The complaint kept surfacing at Kotti community meetings this spring. Residents of the Kottbusser Tor area in Neukölln opened neighbourhood apps, housing authority portals, or local event listings and found something wrong: their profile photographs had been replaced with someone else's image, or duplicated across multiple unrelated accounts. For some, it was a minor annoyance. For others — particularly members of Berlin's large Turkish-German community who use these platforms to navigate housing applications and social services — the error carried real bureaucratic weight.
The issue, broadly termed duplicate image replacement, occurs when database or content management systems fail to assign unique identifiers to uploaded photographs, causing one image to overwrite or populate multiple user profiles simultaneously. It is a technical failure with human consequences, and Berlin residents say the city's accelerating push toward digitised public services has made the problem more visible and more urgent in 2026.
Where the Problem Is Being Felt
The Stadtentwicklungsgesellschaft Berlin mbH, the city's public housing development company, runs a tenant-facing digital portal through which residents in blocks across Marzahn-Hellersdorf and Lichtenberg manage maintenance requests and tenancy documents. Several tenants who contacted The Daily Berlin described logging into the portal in recent months to find their profile image had been replaced by a photograph of a stranger. One Lichtenberg resident said she had uploaded her own photograph in February 2026 during a mandatory digital account verification process, only to discover by April that the image attached to her profile belonged to a different tenant entirely. She raised the issue with her housing coordinator at the Frankfurter Allee office. The coordinator confirmed the swap was a known system error but could not say how many accounts were affected.
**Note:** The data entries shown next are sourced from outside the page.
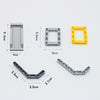 548PCS Blocks Technic Parts Liftarm Beam Cross Axle Connector Panel MOC Accessory Toys Car LEGO Bulk Parts Building bricks - BRICKPICK Shop - Inspire and develop the builders of tomorrow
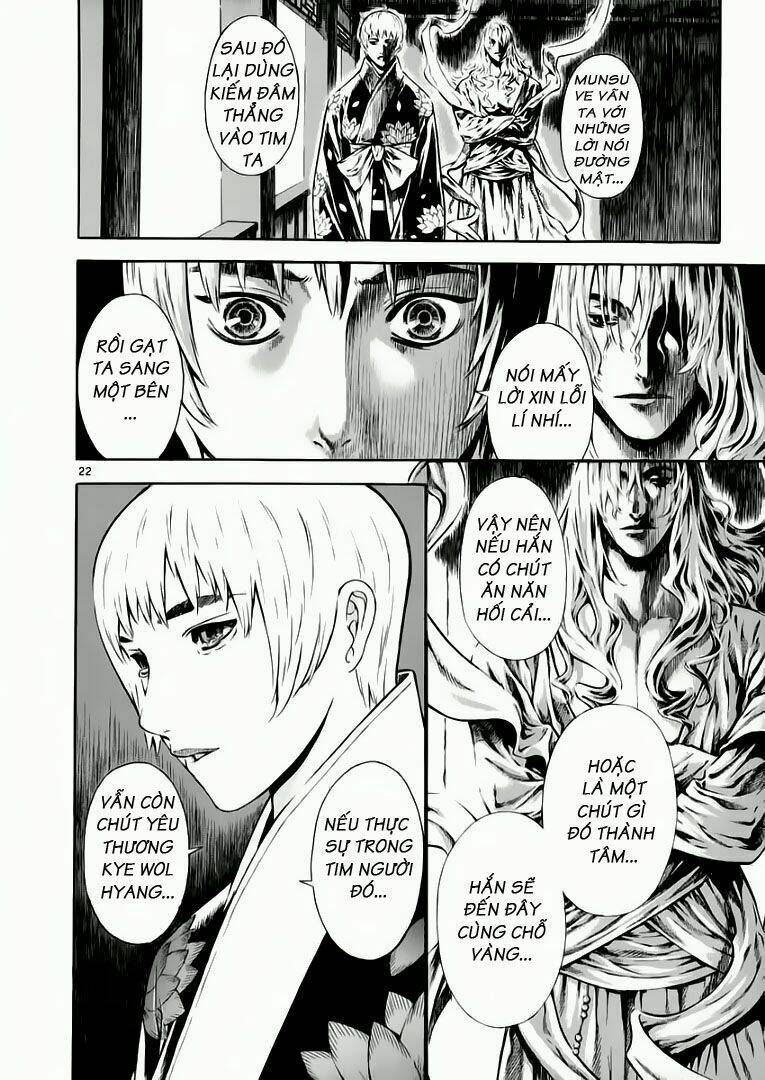 Ám Hành Ngự Sử Chapter 39 - 21
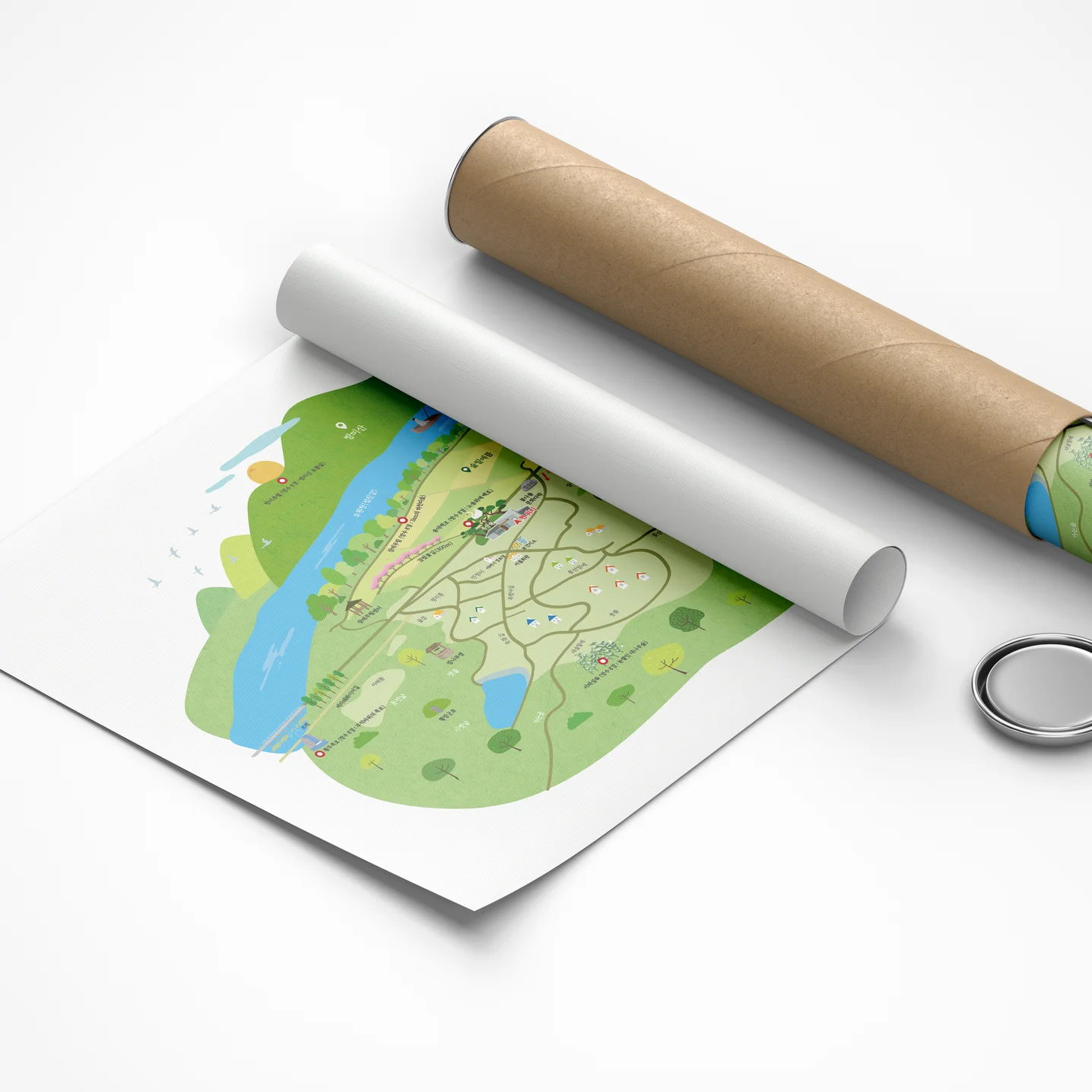 디자인 포트폴리오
Similar reports emerged from users of the BVG Jelbi mobility platform, which aggregates bike share, scooter, and public transit options under one app. Jelbi, operated by Berliner Verkehrsbetriebe, requires a profile photograph for certain registered user tiers. After a platform update rolled out in March 2026, a cluster of users in Friedrichshain reported their images appearing on other accounts in the system. BVG has not published a formal statement on the scope of the error, and the company declined to provide comment to this newspaper by publication time.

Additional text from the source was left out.